Without disputing the truth of these statements, it may yet be urged that it is hard for a servant to come into a room that bears plainly the traces of its former occupant's untidiness. Possibly the new-comer has in her the potentialities of neatness and cleanliness, and it is unfair to check these at the start. The room cannot be refurnished for every new maid; but the furniture it contains can be of a sort that is readily freshened. The white iron cots are neat as well as comfortable, and there should be a good mattress always. A hard-working maid has a right to a comfortable bed. If there are two servants, they should have separate beds. This should be an invariable rule. The mattress should be protected by one of the covers that come for this purpose. This can be washed as often as it needs it. The blankets, too, should be washed between the departure of one maid and the arrival of another. A neat iron wash-stand, a plain bureau that can have a fresh bureau-cover or a clean towel laid over it, a comfortable chair, a rug by the bed, are not expensive and add much to the comfort of a room. It is wiser to have the floor bare and painted, or spread with a matting, than covered with a shabby and worn-out carpet which gathers dust and dirt. The walls are better painted than papered. The mistress can consult her own preferences as to whether or not she shall put pictures on the walls, but she should not make of the maid's room a lumber place for the old engravings and chromos that will be tolerated in no other part of the house, and do it under the impression that she is making the place attractive to the maid-servant within her gates. The bed should, if possible, be made up before the maid arrives, with a fresh spread, and the room should have the absolute cleanliness that is always a charm.

One more point should be looked after in preparing for the maid's arrival. The mistress should make sure that the supply of china and cutlery that the maid will use for her own meals is in decent order. It cannot be pleasant for any one to have bent and tarnished forks and spoons, cracked and stained cups, saucers, and plates for her food.

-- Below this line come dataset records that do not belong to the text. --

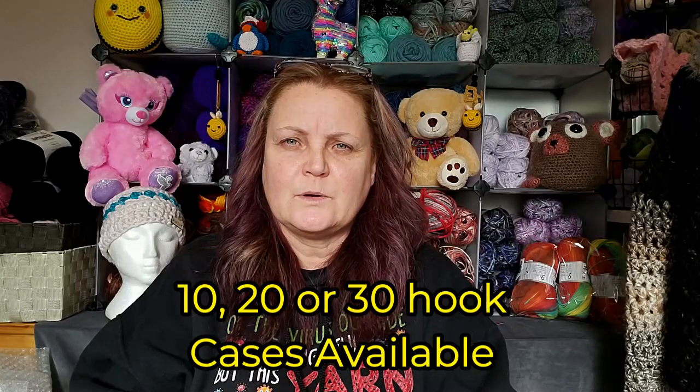I would not have gotten this otherwise. You can get bigger ones than this — it holds about ten hooks. I finally went for it because it was just too pretty. Now I'm not going to be losing my hooks anymore — I hope! I'll put the link down below for that as well. There are different ones you can get with different finishes, but this one was the least expensive one, so I got it.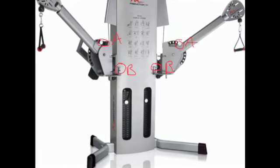I've labeled the picture so A is going to be the level and B is going to be the rotation. You're going to set the rotation to six and the level to seven. Do so on both sides, and make sure the weight is set the same on both sides as well.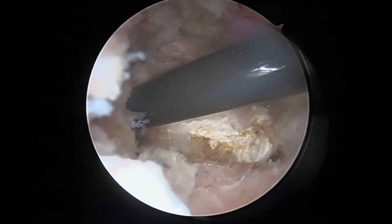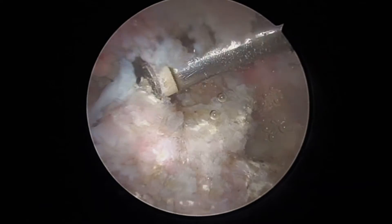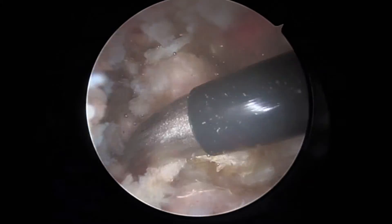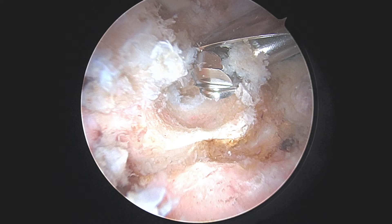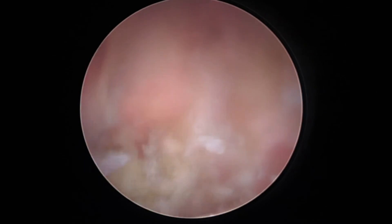Once the HO was identified arthroscopically, an Arthrox Apollo H50 probe was used to expose the HO and dissect the soft tissues. A burr was then used to debulk the HO, and then a grasper was used to remove the HO from the soft tissues.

The cost of replacing these by new is very slight and pays for itself in the agreeable impression given the maid by the fresh, bright articles."

The Expert Maidservant, 1904, by Christine Terhune Herrick.


Sunday, April 14, 2013

"REMEDIES, &c."


FOR DYSENTERY. -- Dissolve as much table salt in  pure vinegar as will ferment and work clear.  when the foam is discharged cork it up in a bottle, and put it away for use.  A large spoonful of this in a gill of boiling water is efficacious in cases of dysentery and cholic.

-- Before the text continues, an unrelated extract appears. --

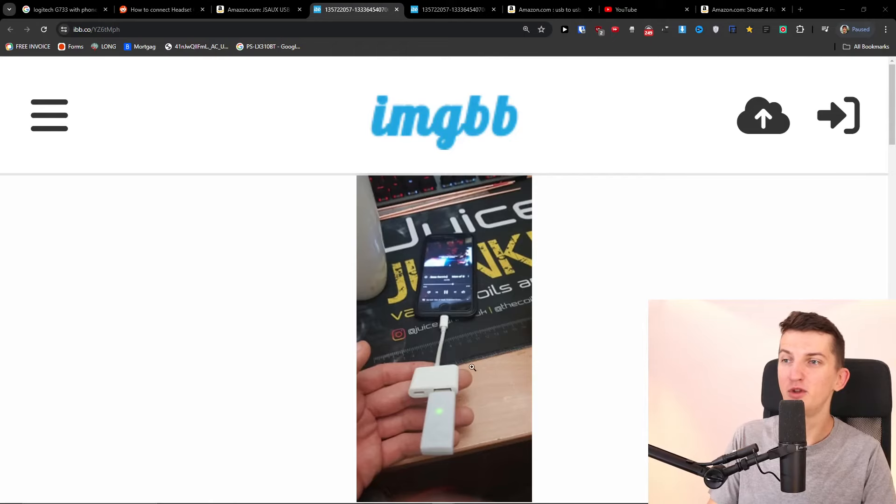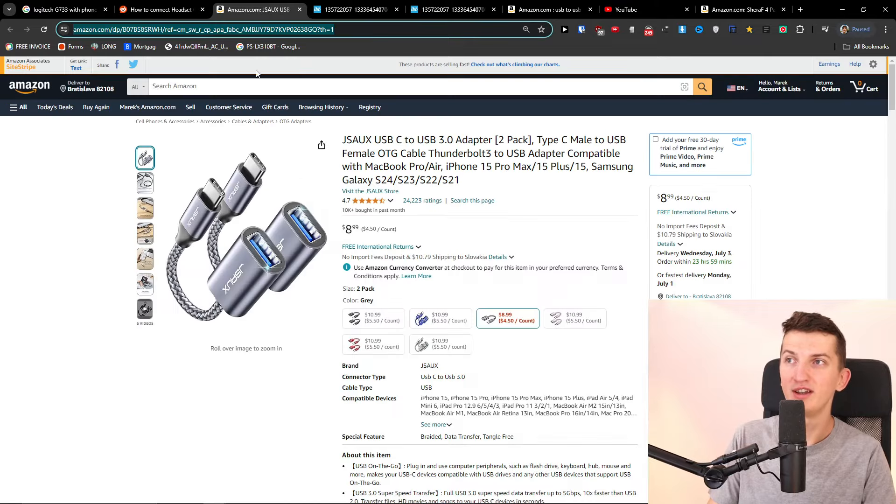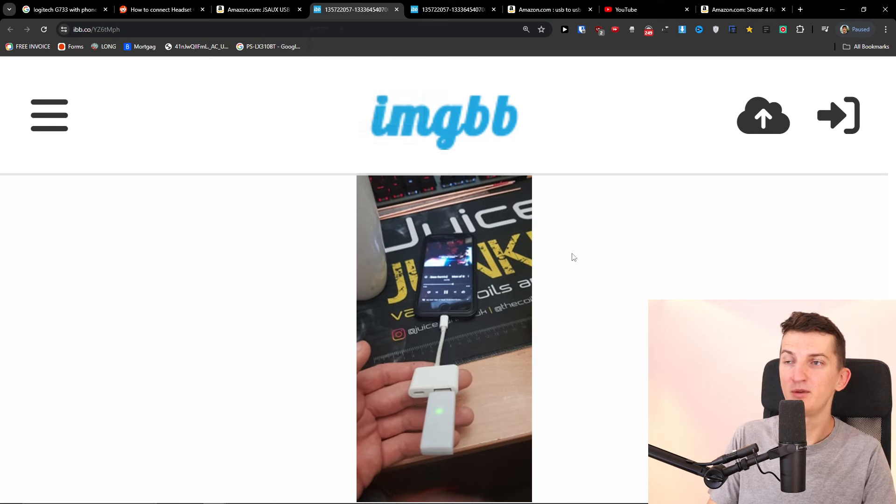Also, if you want to use it for phone, you need to have an adapter for it — like this. It's not going to be Bluetooth connected, so that's something you need to purchase if you want to use it for phone.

CURE FOR CHILLS. -- The plant, commonly called hoarhoand, is said to afford a certain cure.  Boil it in water, and drink freely of the tea.

GARGLE FOR SORE THROAT, DIPTHERIA, OR SCARLET FEVER. -- Mix in a common size cup of fresh milk two teaspoonfuls of pulverized charcoal and ten drops of spirits of turpentine.  Soften the charcoal with a few drops of milk before putting into the cup.  Gargle frequently, according to the violence of the symptoms.

TO RELIEVE ASTHMA. -- Take the leaves of the stramonium (or Jamestown weed,) dried in the shade, saturated with a pretty strong solution of salt petre, and smoke it so as to inhale the fumes.  It may strangle at first if taken too freely, but it will loosen the phlegm in the lungs.  The leaves should be gathered before frost.

SIMPLE CURE FOR CROUP. -- If a child is taken with croup apply cold water suddenly and freely to the neck and chest with a sponge or towel.  The breathing will instantly be relieved, then wipe it dry, cover it up warm, and soon a quiet slumber will relieve the parent's anxiety.

CURE FOR CAMP ITCH. -- Take iodide of potassium, sixty grains, lard, two ounces, mix well, and after washing the body well with warm soap suds rub the ointment over the person three times a week.  In seven or eight days the acarus or itch insect will be destroyed.  In this recipe the horrible effects of the old sulphur ointment are obviated.

The Confederate Receipt Book, 1863. I am wondering (based on the reference to sulphur) if camp itch is a polite euphemism for lice.